THE combined opposition and Prime Minister Imran Khan have awakened to the need for a stronger parliament, but those welcome realisations do not appear to have occurred for necessarily welcome reasons. First, the parliamentary opposition’s decision to combine forces. Primarily consisting of the PML-N and the PPP, the second- and third-largest parties in parliament, the combined opposition appears to be interested in putting up a united front against the PTI-led federal government on a number of issues. A tentative alliance, its purpose and scope have yet to be made clear, but it has immediately been interpreted by the PTI-led federal government as an attempt by the parties to get a so-called NRO; a move to derail the PTI’s governance, legislative and reforms agendas; or perhaps both. While figures within the PPP and the PML-N have alluded to the need for a new Charter of Democracy and sundry measures to strengthen the democratic order in the country, the timing of the combined opposition’s resurrection certainly raises a number of questions. Indeed, with the top PML-N leadership already under detention and the PPP struggling to fend off serious allegations of corruption against the party’s leadership, is the combined opposition meant to build legitimate political pressure on the PTI or seek legal and political relief for opposition leaders?
Perhaps, however, Prime Minister Khan’s strategy to try and defend the honour and sanctity of parliament needs reconsidering too. In a blistering pair of tweets on Tuesday, the prime minister denounced the opposition for staging frequent walkouts in parliament, which tends to trigger a quorum count and a suspension of the parliamentary session.

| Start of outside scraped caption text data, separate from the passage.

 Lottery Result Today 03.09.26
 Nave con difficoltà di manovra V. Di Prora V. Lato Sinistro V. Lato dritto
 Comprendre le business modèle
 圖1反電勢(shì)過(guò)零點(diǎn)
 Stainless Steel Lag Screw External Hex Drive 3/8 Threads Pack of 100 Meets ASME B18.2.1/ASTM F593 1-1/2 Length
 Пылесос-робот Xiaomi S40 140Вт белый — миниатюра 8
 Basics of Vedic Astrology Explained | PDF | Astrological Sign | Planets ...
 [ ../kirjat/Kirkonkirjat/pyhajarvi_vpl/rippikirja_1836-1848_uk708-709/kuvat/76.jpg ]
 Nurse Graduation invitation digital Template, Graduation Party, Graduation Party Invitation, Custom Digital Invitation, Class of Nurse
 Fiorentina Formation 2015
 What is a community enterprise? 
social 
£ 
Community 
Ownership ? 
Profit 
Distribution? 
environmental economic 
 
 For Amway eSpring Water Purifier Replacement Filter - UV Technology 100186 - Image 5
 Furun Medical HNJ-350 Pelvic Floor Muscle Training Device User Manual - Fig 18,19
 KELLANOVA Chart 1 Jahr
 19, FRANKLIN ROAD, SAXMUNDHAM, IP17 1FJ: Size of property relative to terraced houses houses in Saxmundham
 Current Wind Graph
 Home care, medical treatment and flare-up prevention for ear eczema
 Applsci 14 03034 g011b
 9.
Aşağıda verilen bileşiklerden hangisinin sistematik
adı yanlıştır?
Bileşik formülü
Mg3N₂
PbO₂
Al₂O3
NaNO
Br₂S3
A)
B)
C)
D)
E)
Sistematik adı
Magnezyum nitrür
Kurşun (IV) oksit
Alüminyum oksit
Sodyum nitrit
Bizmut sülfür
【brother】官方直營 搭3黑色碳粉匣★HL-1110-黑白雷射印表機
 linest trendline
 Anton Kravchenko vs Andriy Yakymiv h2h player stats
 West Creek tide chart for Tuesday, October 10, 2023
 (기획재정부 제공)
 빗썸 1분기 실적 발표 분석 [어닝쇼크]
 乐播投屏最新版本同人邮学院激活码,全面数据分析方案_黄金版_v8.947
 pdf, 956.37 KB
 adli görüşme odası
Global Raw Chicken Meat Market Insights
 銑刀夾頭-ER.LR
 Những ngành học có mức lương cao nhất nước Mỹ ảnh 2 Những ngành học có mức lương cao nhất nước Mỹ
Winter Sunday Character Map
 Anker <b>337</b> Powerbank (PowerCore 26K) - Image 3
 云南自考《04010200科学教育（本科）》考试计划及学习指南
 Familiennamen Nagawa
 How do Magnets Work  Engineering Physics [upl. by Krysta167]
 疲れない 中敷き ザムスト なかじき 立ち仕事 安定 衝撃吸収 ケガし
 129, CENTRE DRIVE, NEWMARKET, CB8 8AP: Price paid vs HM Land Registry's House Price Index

Mr Khan is partially right — the opposition’s enthusiasm for the walkout option has frequently disrupted the current parliament’s proceedings. But the prime minister was mostly wrong. To begin with, there is the irony of the prime minister tweeting about parliament from presumably the Prime Minister’s Office or residence, a stone’s throw away — could Mr Khan not make the short journey to parliament to make his point? Perhaps Mr Khan does not want to give the opposition an opportunity to heckle him and create rowdy scenes in parliament; however, he does appear to have forgotten his pledge to regularly attend the Assembly sessions and hold twice monthly, UK-style Prime Minister’s Questions. Also overlooked by the prime minister is the PTI’s own role in the parliamentary impasse: PTI MNAs and ministers themselves often appear uninterested in the functioning of parliament.
Between the opposition’s self-interested strategising and Mr Khan’s lacerating comments, there is the very real possibility of the public at large losing faith in the democratic project in the country. When politicians do not seem able or willing to look beyond personal and party interests, democracy can quickly erode. It is hoped that the opposition and government will reconsider their respective approaches.